1. An ink jet printing head comprising:

at least one nozzle from which ink is ejected dropwise;

at least one ejection chamber connected to the nozzle and having a piezoelectric transducing element for causing a sudden increase in the liquid pressure in the ejection chamber in response to an electric pulse;

an ink supply chamber connected to the ejection chamber and connectable to an ink supply system provided outside the printing head;

pressure detecting means for detecting ink pressure in the ink supply chamber and controlling the ink supply from an ink supply source to the ink supply chamber; and

a flexible film diaphragm means constituting one wall of the ink supply chamber, the flexible film diaphragm means having an interior side, an exterior side, a bag-shaped portion for deforming responsive to volume changes of ink in the ink supply chamber and having two limit positions of deformation between which the bag-shaped portion is slack and undergoes relatively no change in internal stress and a flat area, and wherein the pressure detecting means is positioned proximate to the flat area, the exterior side of the flexible film diaphragm means being exposed to the atmosphere for maintaining a relatively constant pressure on the exterior side of the flexible film wall means.

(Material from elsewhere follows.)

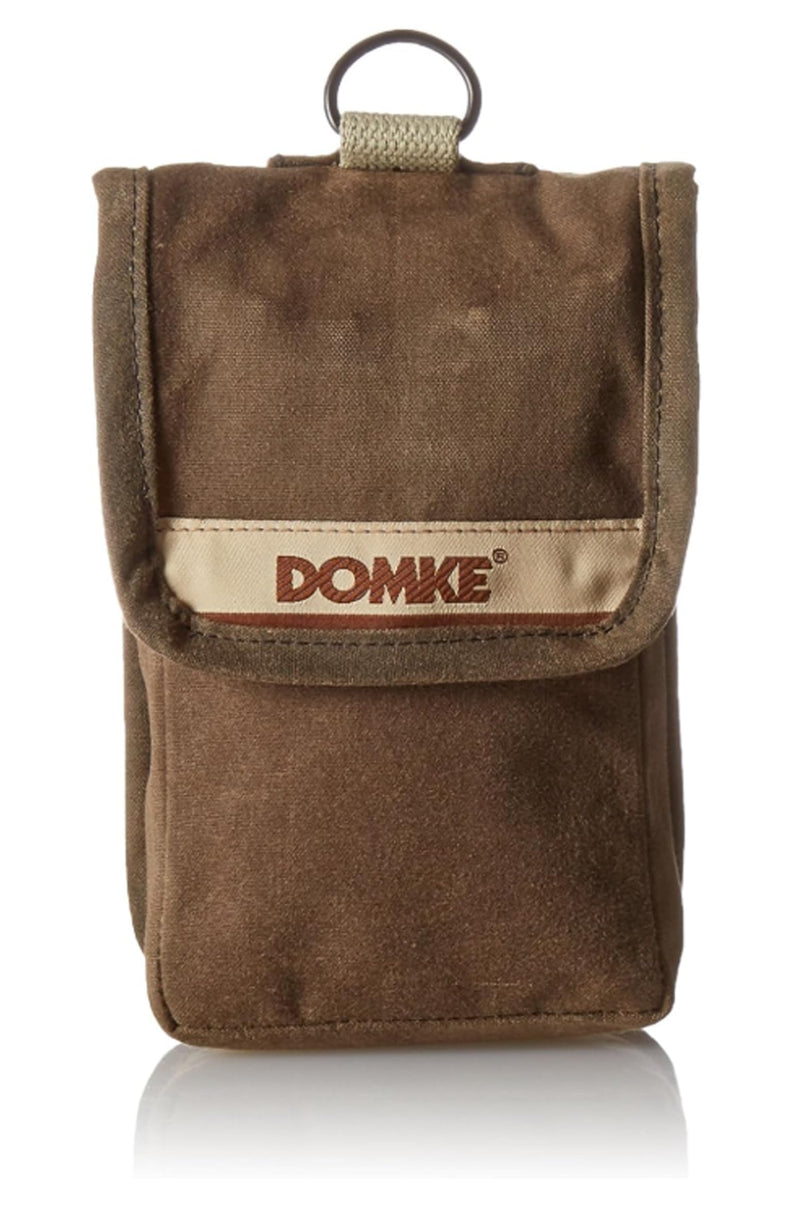 Domke F-901 Compact Camera and Accessory Pouch | RuggedWear Canvas, Brown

2. An ink jet printing head comprising:

at least one nozzle from which ink is ejected dropwise;

at least one ejection chamber connected to the nozzle and having a piezoelectric transducing element for causing a sudden increase in the liquid pressure in the ejection chamber in response to an electric pulse;

an ink supply chamber connected to the ejection chamber and connectable to an ink supply system provided outside the printing head;

pressure detecting means for detecting ink pressure in the ink supply chamber and controlling the ink supply from an ink supply source to the ink supply chamber; and

a flexible film diaphragm means constituting one wall of the ink supply chamber, the flexible film diaphragm means including a bag-shaped portion for deforming responsive to volume changes of ink in the ink supply chamber between two limit positions of deformation between which the bag-shaped portion is slack and undergoes relatively no change in internal stress and for maintaining a relatively constant pressure in the ink supply chamber when the bag-shaped portion is between the two limit positions and a flat area, wherein the pressure detecting means is positioned proximate to the flat area.

3. An ink jet printing ejection head comprising:

at least one nozzle from which ink is ejected dropwise;

at least one ejection chamber connected to the nozzle and having a piezoelectric transducing element for causing a sudden increase in the liquid pressure in the ejection chamber in response to an electric pulse;

an ink supply chamber connected to the ejection chamber and connectable to an ink supply provided outside the printing head; and

a flexible film diaphragm means constituting one wall of the ink supply chamber, the flexible film diaphragm means constituting one wall of the ink supply chamber, with the flexible film diaphragm means including a bag-shaped portion for deforming responsive to volume changes of ink in the ink supply chamber and satisfying the following relationship

2V₀ ≧V₁ ·r·Δt+V₂

where:

V₀ =volume formed by the bag-shaped portion of the flexible film diaphragm

V₁ =volume of filling liquid in the ejection head

r=coefficient of cubicle expansion for the filling liquid

Δt=change in external ambient temperature

V₂ =volume of filling liquid that evaporates from inside the ejection head.